Persentase ini masih belum optimal. Padahal, target SDGs untuk akses itu pada 2019 sebesar 100 persen. Di sisi lain, muncul paradoks dimana air bersih justru dieksploitasi secara berlebihan, padahal Islam telah mengajarkan pentingnya kita untuk menjaga air sebagai sumber kehidupan.

Syekh Yusuf al-Qaradhawi dalam bukunya berjudul “Al-Biah fil Islam” mengatakan, pentingnya menjaga air sebagai sumber kehidupan telah ditegaskan dalam Alquran Surah al-Anbiyaa’ ayat 30.
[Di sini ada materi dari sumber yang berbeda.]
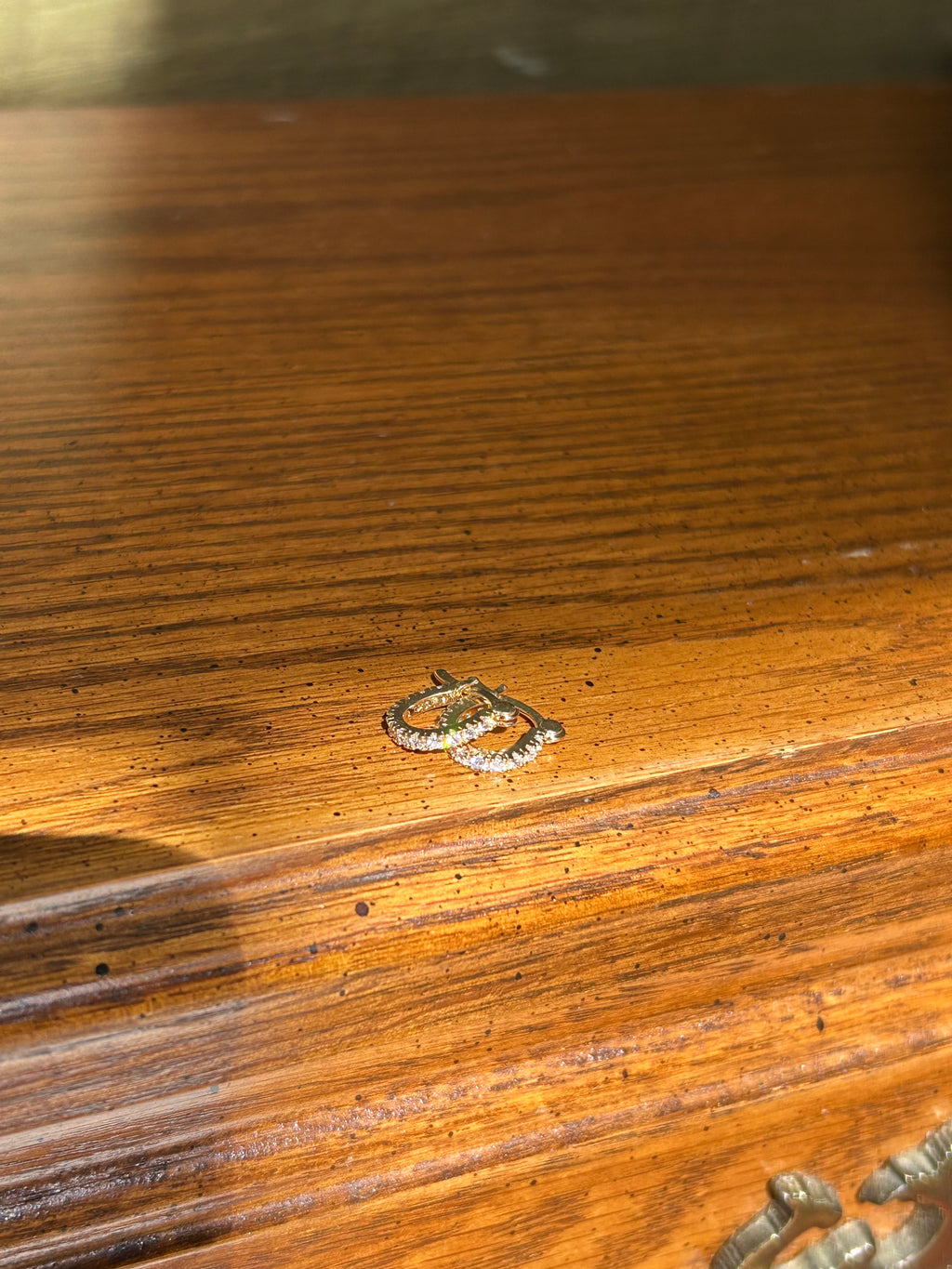 Close-up of a wooden surface with a small knot or defect.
وَجَعَلْنَا مِنَ الْمَاۤءِ كُلَّ شَيْءٍ حَيٍّۗ

“Dan, dari air Kami jadikan segala sesuatu yang hidup.” (QS. al-Anbiyaa’ [21]: 30)
Karena itu, air adalah kekayaan paling berharga dan warisan penting bagi generasi mendatang. Allah SWT memberikan nikmat air itu secara gratis. Sayangnya, nikmat tersebut tidak dipergunakan dan dimanfaatkan dengan baik dan proporsional oleh manusia. Seringkali pendayagunaan air, kata Sekjen Ulama Internasional ini, tidak optimal dan bahkan pada banyak kesempatan cenderung eksploitatif. Hal ini tidak bisa dibiarkan dan harus dicegah. Pasalnya, berbeda dengan kekayaan Bumi atau alam lainnya, air bersifat surut dan tidak bisa dibudidayakan. Ia menegaskan, jika pemakaian yang tak tepat guna dan konsumsi berlebihan tetap terjadi maka tak mustahil krisis air pun akan terjadi. Allah berfirman:

وَ اَنۡزَلۡنَا مِنَ السَّمَآءِ مَآءًۢ بِقَدَرٍ فَاَسۡکَنّٰہُ فِی الۡاَرۡضِ ٭ۖ وَ اِنَّا عَلٰی ذَہَابٍۭ بِہٖ لَقٰدِرُوۡنَ

“Dan, Kami turunkan air dari langit menurut suatu ukuran, lalu Kami jadikan air itu menetap di Bumi, dan sesungguhnya Kami benar-benar berkuasa menghilangkannya.” (QS al-Mu’minuun [23]:18).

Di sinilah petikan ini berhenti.